By Jackson Santy ’13
CO EDITOR IN CHIEF
I’ve never been good with good-byes.
It’s not that they make me sentimental or teary eyed—I’ve just never quite grasped the art of a farewell.
But as it is customary for exiting editor-in-chiefs of The Roundup, the time has come to say it.
However, I still have at least 104 more words to do so.
If there’s one thing I can say while still on this soap box The Roundup has given me, it would be that we live in a world with way too little kindness.
So many of our lives are surrounded with negativity, self-absorption, apathy and just plain mean people.
This epidemic of nastiness can be tied into almost any issue that has plagued society.
Violence, ideological polarization, economic inequality—those issues and more all tie back to the fact that kindness sometimes seems almost nonexistent in our world today.
Small acts of kindness can change the world.
And you, you freshmen, sophomores, juniors and seniors, can start at Brophy.
Sit next to someone who’s alone for lunch, or just say “hello” to them.

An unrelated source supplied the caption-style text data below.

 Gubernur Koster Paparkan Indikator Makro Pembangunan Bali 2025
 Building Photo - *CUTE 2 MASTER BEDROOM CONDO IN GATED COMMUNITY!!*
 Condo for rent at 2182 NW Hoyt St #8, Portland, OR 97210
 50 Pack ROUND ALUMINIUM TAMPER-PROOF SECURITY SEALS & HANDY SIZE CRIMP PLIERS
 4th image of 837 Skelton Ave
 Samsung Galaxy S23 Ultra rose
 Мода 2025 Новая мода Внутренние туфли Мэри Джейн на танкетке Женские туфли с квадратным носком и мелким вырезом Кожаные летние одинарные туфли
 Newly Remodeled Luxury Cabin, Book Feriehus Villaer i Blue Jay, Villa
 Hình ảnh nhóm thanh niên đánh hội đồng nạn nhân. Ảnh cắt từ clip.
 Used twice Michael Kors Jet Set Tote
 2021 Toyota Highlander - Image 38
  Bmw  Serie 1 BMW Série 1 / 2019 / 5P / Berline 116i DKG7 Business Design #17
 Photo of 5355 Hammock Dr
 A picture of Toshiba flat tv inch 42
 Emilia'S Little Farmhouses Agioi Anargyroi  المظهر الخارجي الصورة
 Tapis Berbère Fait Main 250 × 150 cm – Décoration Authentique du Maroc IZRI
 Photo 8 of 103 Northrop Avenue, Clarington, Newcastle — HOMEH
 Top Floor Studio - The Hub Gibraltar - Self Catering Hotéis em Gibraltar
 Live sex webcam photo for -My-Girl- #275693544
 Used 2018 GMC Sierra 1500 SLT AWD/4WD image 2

You’d be surprised how much influence that one word and facial motion can have on somebody’s day.
Reach out and help someone who you’ve never met before pick up their dropped books.
Don’t treat your friends like commodities, value them and treat them with the dignity and generosity they show you.
Don’t be the last in class and the first to leave, stick around after the bell and help push in chairs instead of lining up at the door.
When you see a container of ranch dressing on the floor of the Great Hall, throw it away.
Smile at and thank the Michaels workers, the maintenance staff and the Romley administrators, they may not teach you what you need to get a five on your AP exams or how to get into Harvard, but they labor each and every day to provide 1,270 adolescent boys with food, keep Brophy a pristine and sound environment and make everything run smoothly inside these walls.
Don’t stand idly by when you see a student being bullied, either to his face or behind his back.
The most important thing: don’t do these acts for self-serving purposes; do them because you are a member of the community and on a larger scale, the human race.
You may not be able to end violence throughout the world or settle the never-ending hostilities between parties of differing ideals or achieve economic utopia, but you will make somebody’s day, maybe even your own.
From day one of freshman year, Brophy preaches the motto “Men for Others,” but no matter how much they do so, it all comes down to how you choose to act for others.